• EXERCISE PROMPT: Take the line with "A medical worker" as the first and the last line of the data as the end. Write out both and every line between exactly, except pictures.

━━━

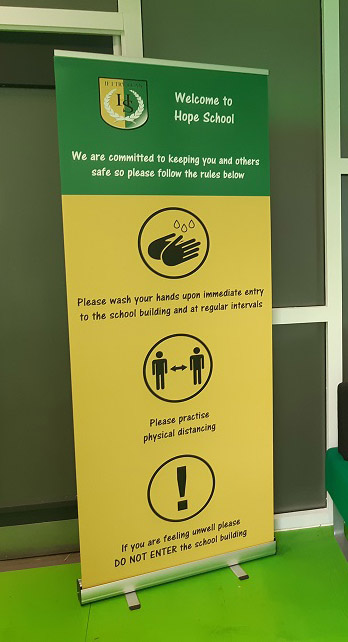 Banner stand for a Primary School displaying Coronavirus Covid 19 social distancing and hygiene message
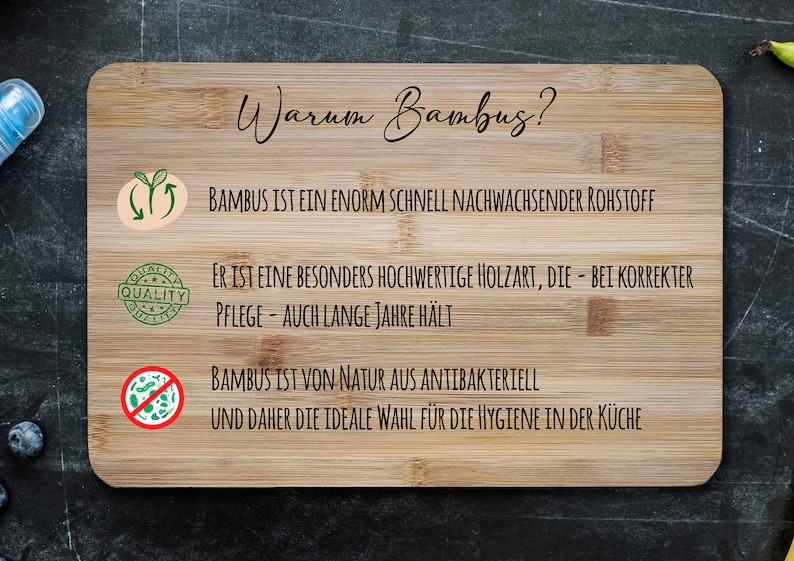 May include: A wooden cutting board with the text "Warum Bambus?" and three bullet points explaining the benefits of bamboo. The bullet points are: "Bamboo is a fast-growing raw material", "It is a high-quality wood that lasts for years with proper care", and "Bamboo is naturally antibacterial, making it ideal for kitchen hygiene."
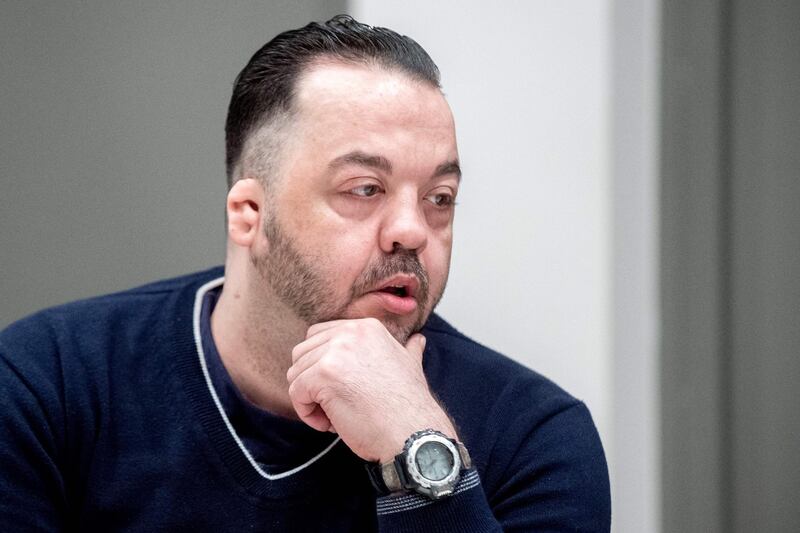 Former nurse Niels Hoegel, accused of killing more than 100 patients in his care, waits at court for his verdict at court in Oldenburg, northern Germany, on June 6, 2019. Hoegel was handed a life sentence for killing 85 patients in his care. The man accused of being post-war Germany's most prolific serial killer was known to colleagues as a "nice guy" who did little to arouse suspicion until well into his murder spree. / AFP / POOL / Hauke-Christian Dittrich
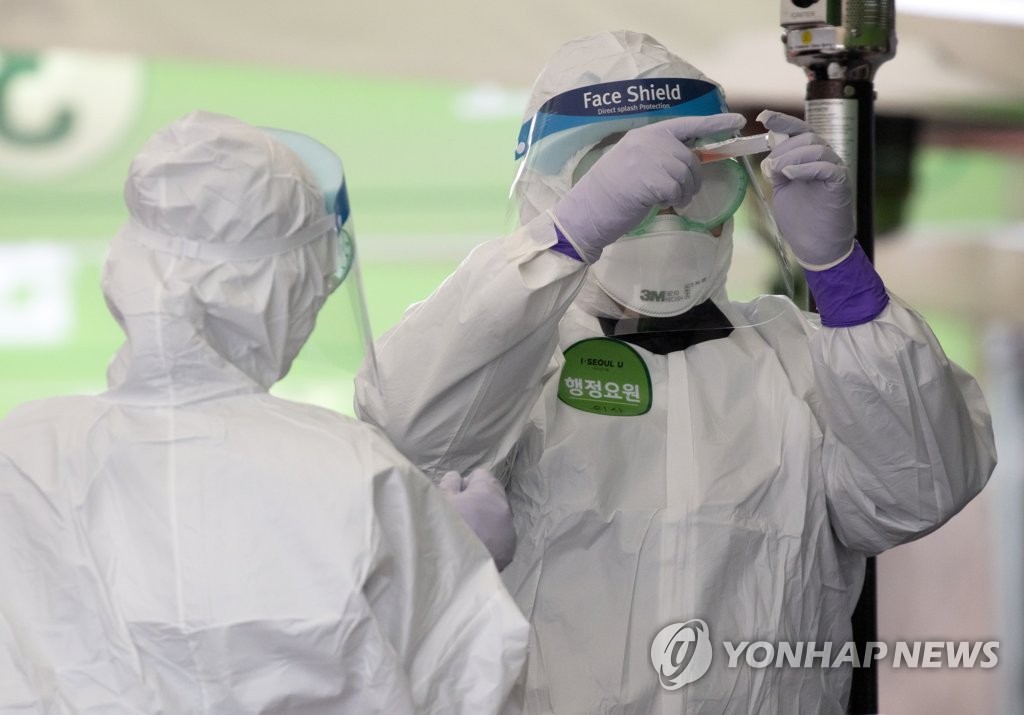 Medical workers collect samples for tests on the new coronavirus at a drive-through clinic in eastern Seoul on March 10, 2020. (Yonhap)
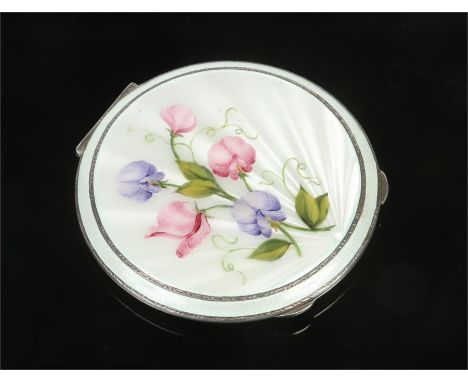A large silver powder compact. With white guilloche enamel top decorated with sweet pea. Assayed Birmingham 1952, 10cm diamet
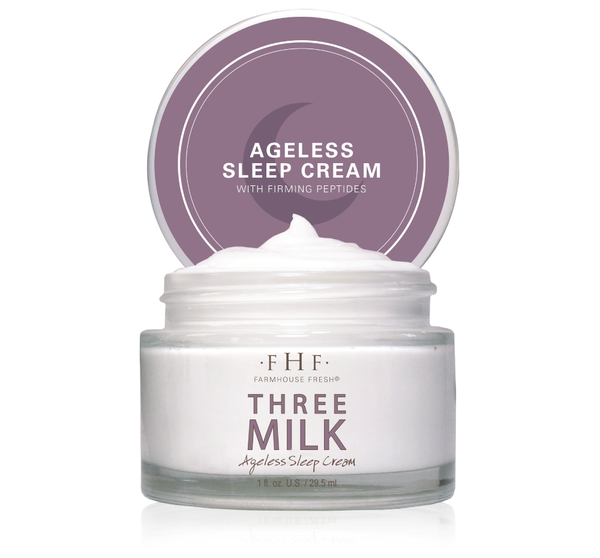 Open jar of Three Milk Ageless Sleep Cream with Peptides | Farmhouse Fresh showing smooth white skincare cream inside and purple lid with product name and crescent moon design.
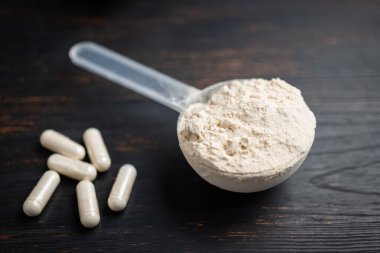 Süt veya soya proteini tozu, beyaz amino asit kapsülleri, vitaminler ve kreatin, vücut geliştiren gıda takviyeleri, siyah ahşap bir tahtanın üzerindeki spor besinleri..
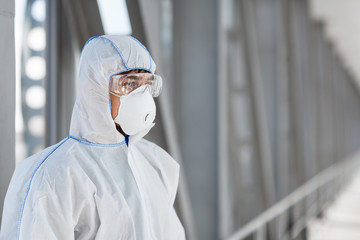 Man wearing protective biological suit and mask due to coronavirus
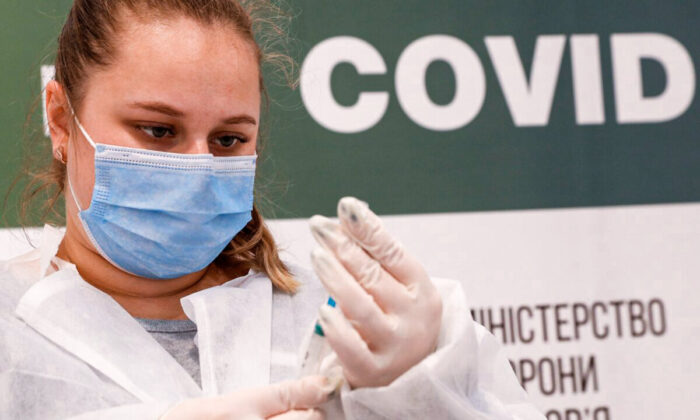 A medical worker fills a syringe with the Pfizer-BioNTech vaccine against the coronavirus disease (COVID-19) at a vaccination centre in Kyiv, Ukraine, on Oct. 27, 2021. (Valentyn Ogirenko/Reuters)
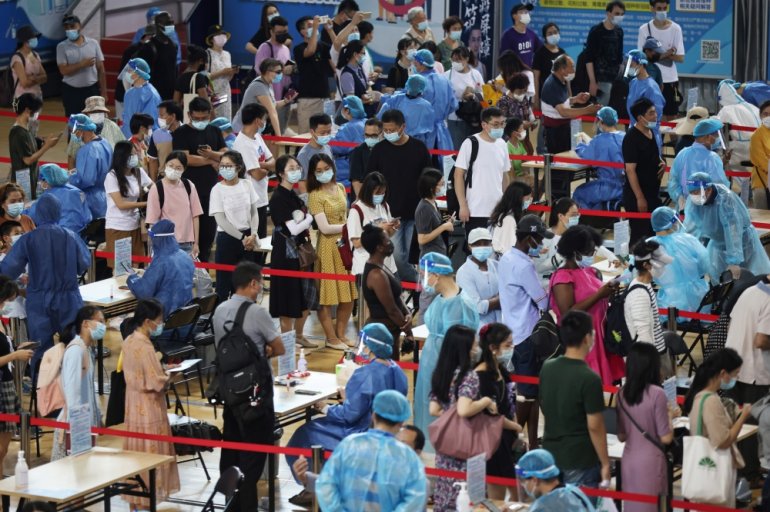 People line up for nucleic acid testing at a sports centre in Gulou district, during a citywide mass testing following new cases of the coronavirus disease (COVID-19) in Nanjing, Jiangsu province, China July 22, 2021. cnsphoto via REUTERS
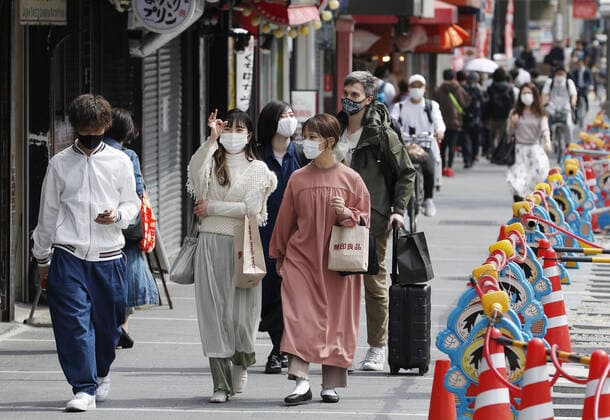 COVID-19 state of emergency declared for Tokyo, Osaka region People wearing face masks walk in Osaka on April 23, 2021. Prime Minister Yoshihide Suga declared a state of emergency the same day in Tokyo and the western Japan prefectures of Osaka, Kyoto and Hyogo amid a rapid resurgence of coronavirus infections. 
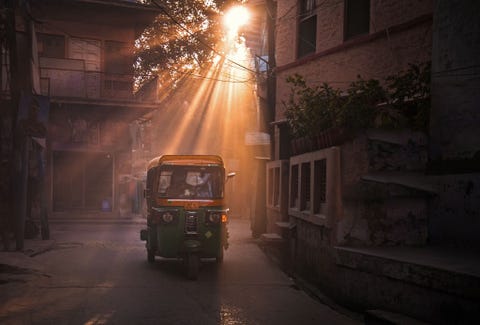 Deze foto is genomen in Jaipur tijdens het gouden uur Je kunt goed zien waarom de inwoners dit de Roze stad van India noemen Het zachte zonlicht aan het einde van de middag dringt door tot elke hoek van de stad waardoor alle kleuren rood en roze extra opvallen Een taxi die door de walm van stofdeeltjes van ander verkeer rijdt geeft dit beeld een betoverende mysterieuze sfeer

━━━

• OUTPUT:
 A medical worker fills a syringe with the Pfizer-BioNTech vaccine against the coronavirus disease (COVID-19) at a vaccination centre in Kyiv, Ukraine, on Oct. 27, 2021. (Valentyn Ogirenko/Reuters)
 People line up for nucleic acid testing at a sports centre in Gulou district, during a citywide mass testing following new cases of the coronavirus disease (COVID-19) in Nanjing, Jiangsu province, China July 22, 2021. cnsphoto via REUTERS
 COVID-19 state of emergency declared for Tokyo, Osaka region People wearing face masks walk in Osaka on April 23, 2021. Prime Minister Yoshihide Suga declared a state of emergency the same day in Tokyo and the western Japan prefectures of Osaka, Kyoto and Hyogo amid a rapid resurgence of coronavirus infections. 
 Deze foto is genomen in Jaipur tijdens het gouden uur Je kunt goed zien waarom de inwoners dit de Roze stad van India noemen Het zachte zonlicht aan het einde van de middag dringt door tot elke hoek van de stad waardoor alle kleuren rood en roze extra opvallen Een taxi die door de walm van stofdeeltjes van ander verkeer rijdt geeft dit beeld een betoverende mysterieuze sfeer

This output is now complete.